__Exercise directions__
Aside from the pictures, the entries should be given again exactly.

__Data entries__
◇ ◇ ◇ ◇ ◇ ◇ ◇

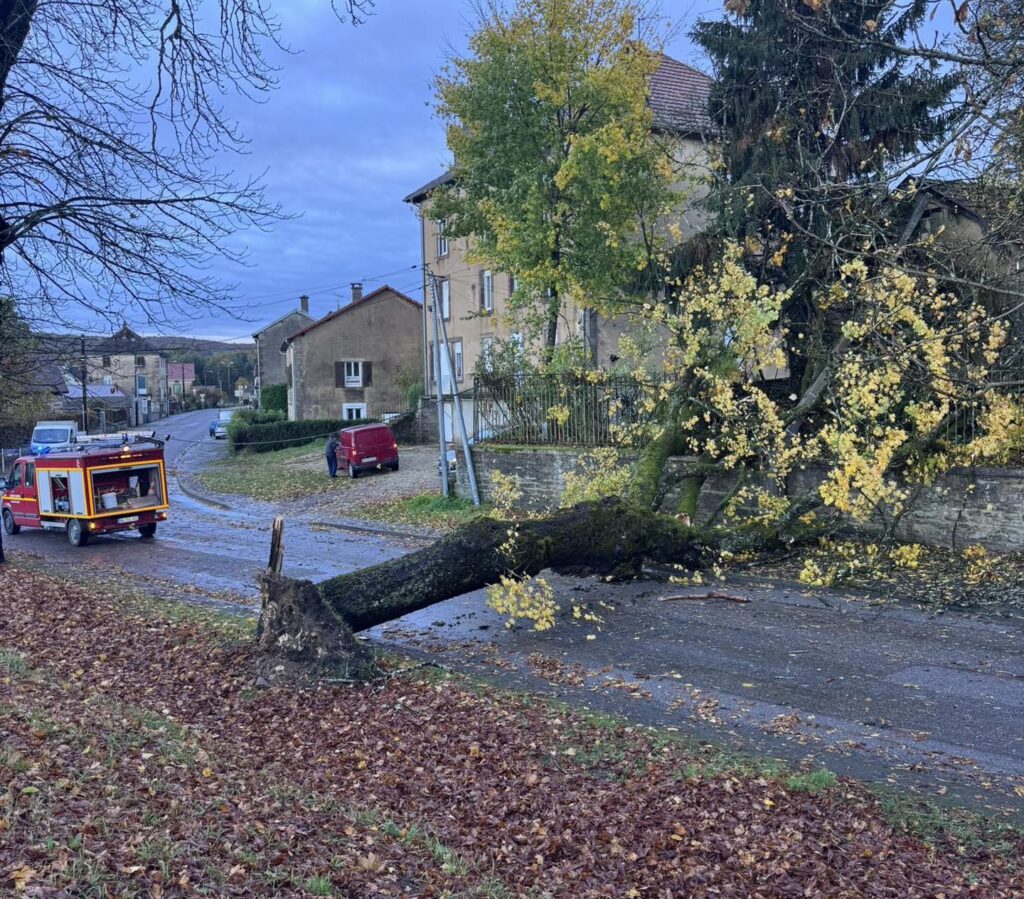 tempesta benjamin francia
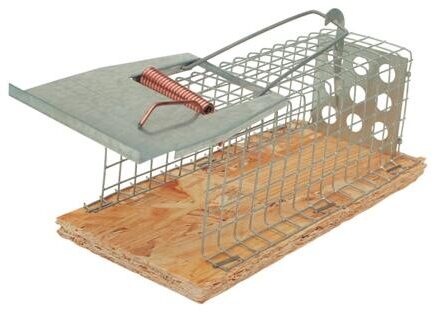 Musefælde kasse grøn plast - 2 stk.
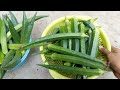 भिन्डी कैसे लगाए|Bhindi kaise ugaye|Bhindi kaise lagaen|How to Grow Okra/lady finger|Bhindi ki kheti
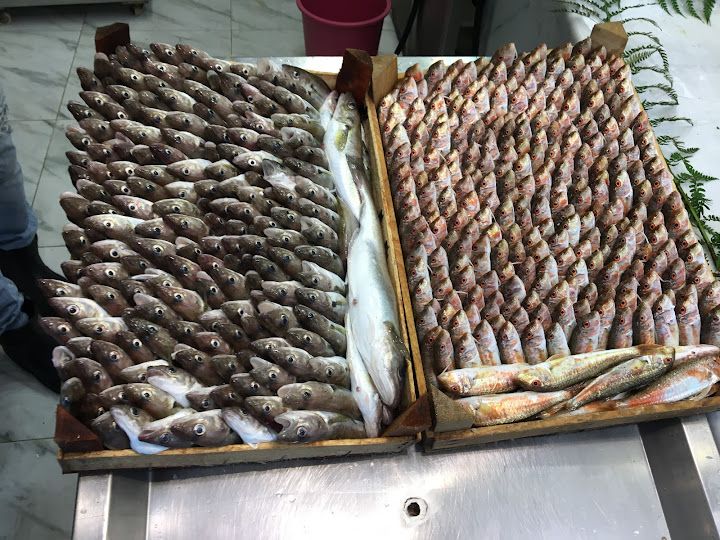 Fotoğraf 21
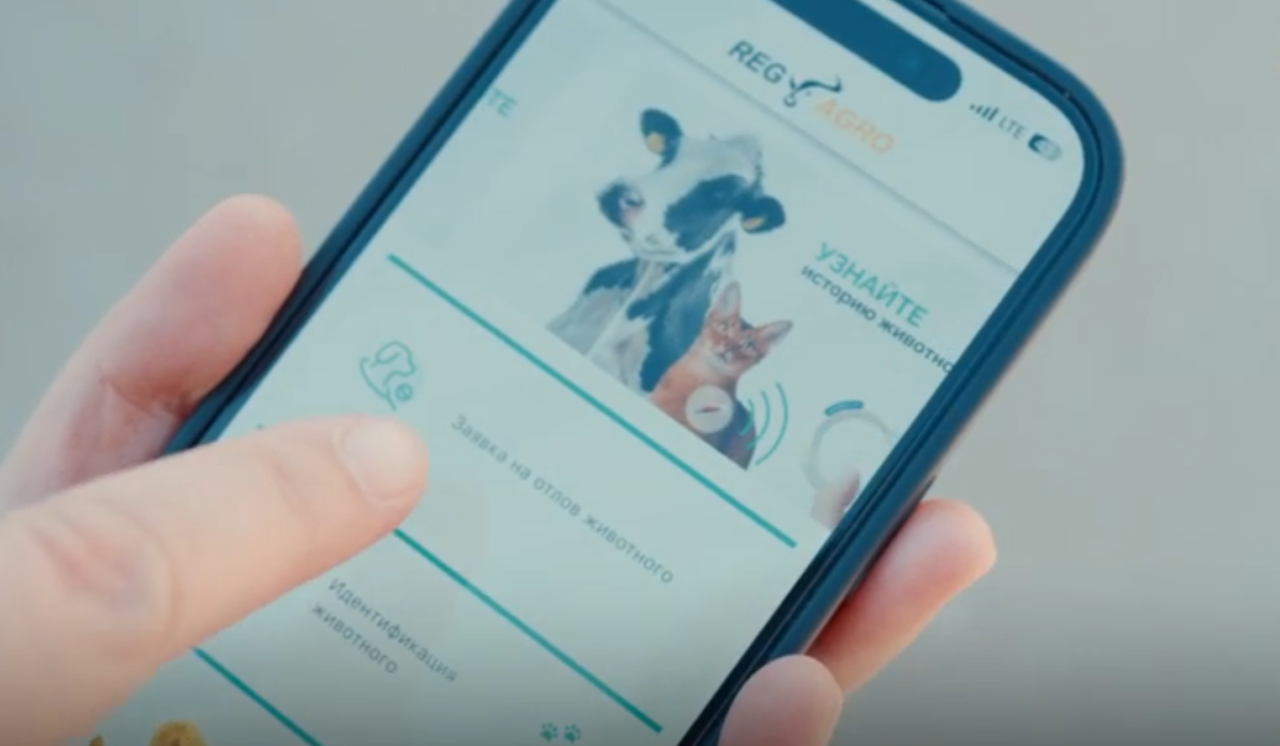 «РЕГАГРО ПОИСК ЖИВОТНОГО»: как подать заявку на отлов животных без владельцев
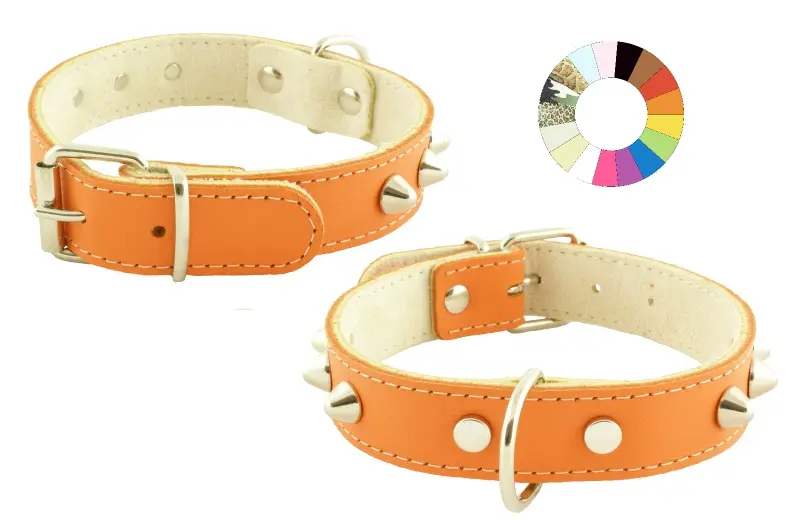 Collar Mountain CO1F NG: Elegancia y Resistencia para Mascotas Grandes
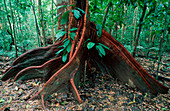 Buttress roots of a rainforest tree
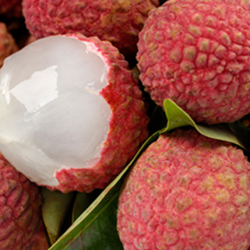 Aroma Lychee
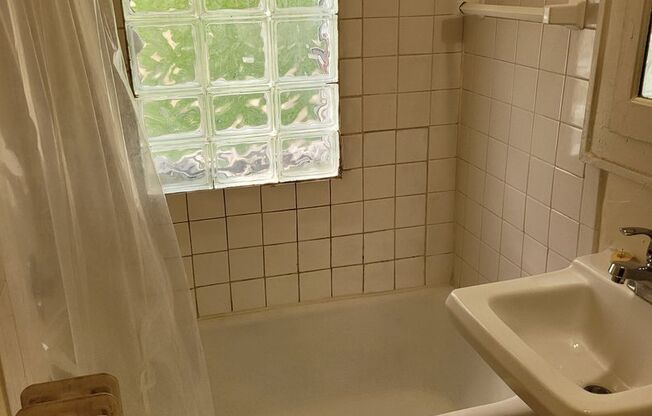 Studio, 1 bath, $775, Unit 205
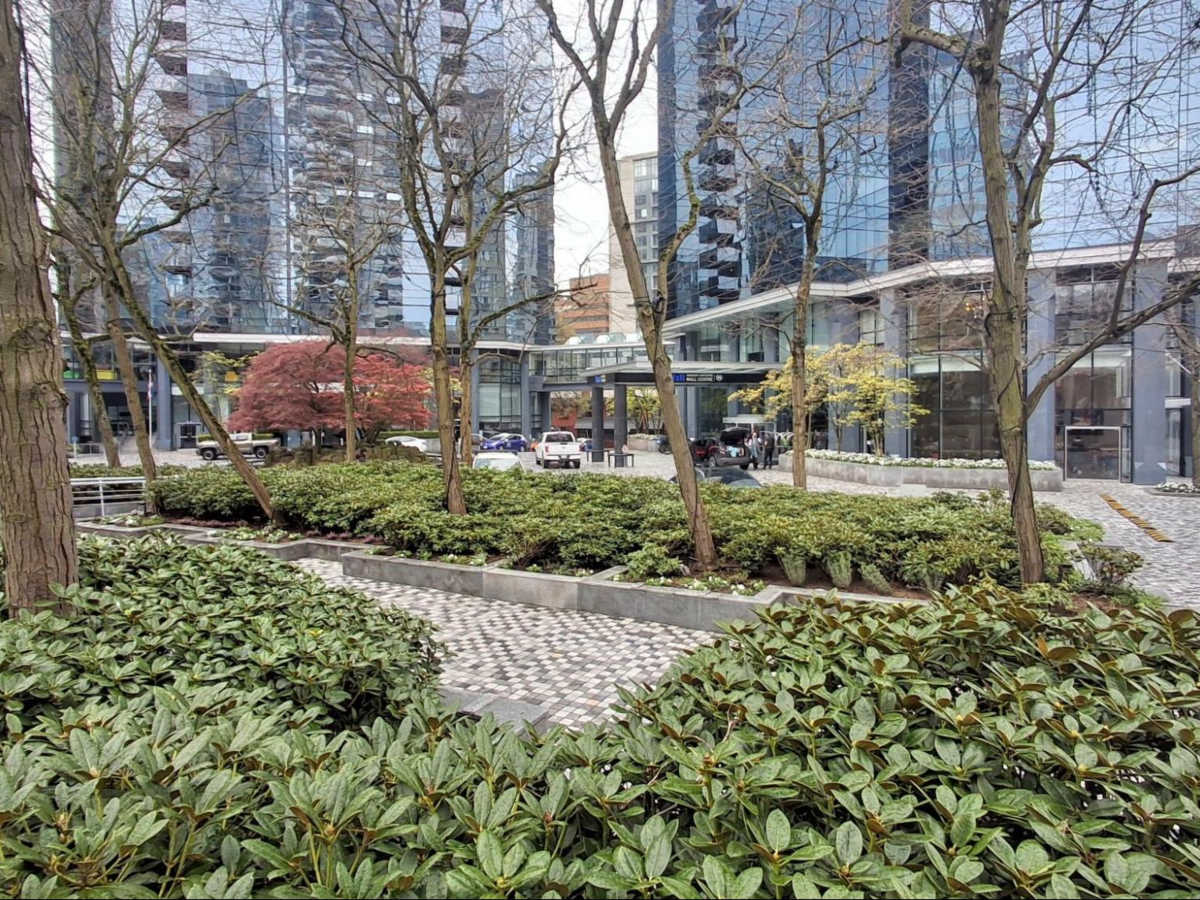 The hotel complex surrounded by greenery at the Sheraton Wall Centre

◇ ◇ ◇ ◇ ◇ ◇ ◇

__Exercise result__
 tempesta benjamin francia
 Musefælde kasse grøn plast - 2 stk.
 भिन्डी कैसे लगाए|Bhindi kaise ugaye|Bhindi kaise lagaen|How to Grow Okra/lady finger|Bhindi ki kheti
 Fotoğraf 21
 «РЕГАГРО ПОИСК ЖИВОТНОГО»: как подать заявку на отлов животных без владельцев
 Collar Mountain CO1F NG: Elegancia y Resistencia para Mascotas Grandes
 Buttress roots of a rainforest tree
 Aroma Lychee
 Studio, 1 bath, $775, Unit 205
 The hotel complex surrounded by greenery at the Sheraton Wall Centre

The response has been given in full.